# ACTION ITEM:
Before you finish, make sure every line below has been written out exactly.

# SUPPLIED MATERIAL:
################

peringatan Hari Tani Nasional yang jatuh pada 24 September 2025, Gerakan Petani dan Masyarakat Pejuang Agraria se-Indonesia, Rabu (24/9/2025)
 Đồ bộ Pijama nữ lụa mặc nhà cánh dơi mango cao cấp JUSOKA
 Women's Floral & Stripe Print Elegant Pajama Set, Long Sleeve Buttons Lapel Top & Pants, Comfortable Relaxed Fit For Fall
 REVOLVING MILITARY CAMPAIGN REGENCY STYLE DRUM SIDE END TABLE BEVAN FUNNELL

################

# SOLUTION TO THIS PROBLEM:
peringatan Hari Tani Nasional yang jatuh pada 24 September 2025, Gerakan Petani dan Masyarakat Pejuang Agraria se-Indonesia, Rabu (24/9/2025)
 Đồ bộ Pijama nữ lụa mặc nhà cánh dơi mango cao cấp JUSOKA
 Women's Floral & Stripe Print Elegant Pajama Set, Long Sleeve Buttons Lapel Top & Pants, Comfortable Relaxed Fit For Fall
 REVOLVING MILITARY CAMPAIGN REGENCY STYLE DRUM SIDE END TABLE BEVAN FUNNELL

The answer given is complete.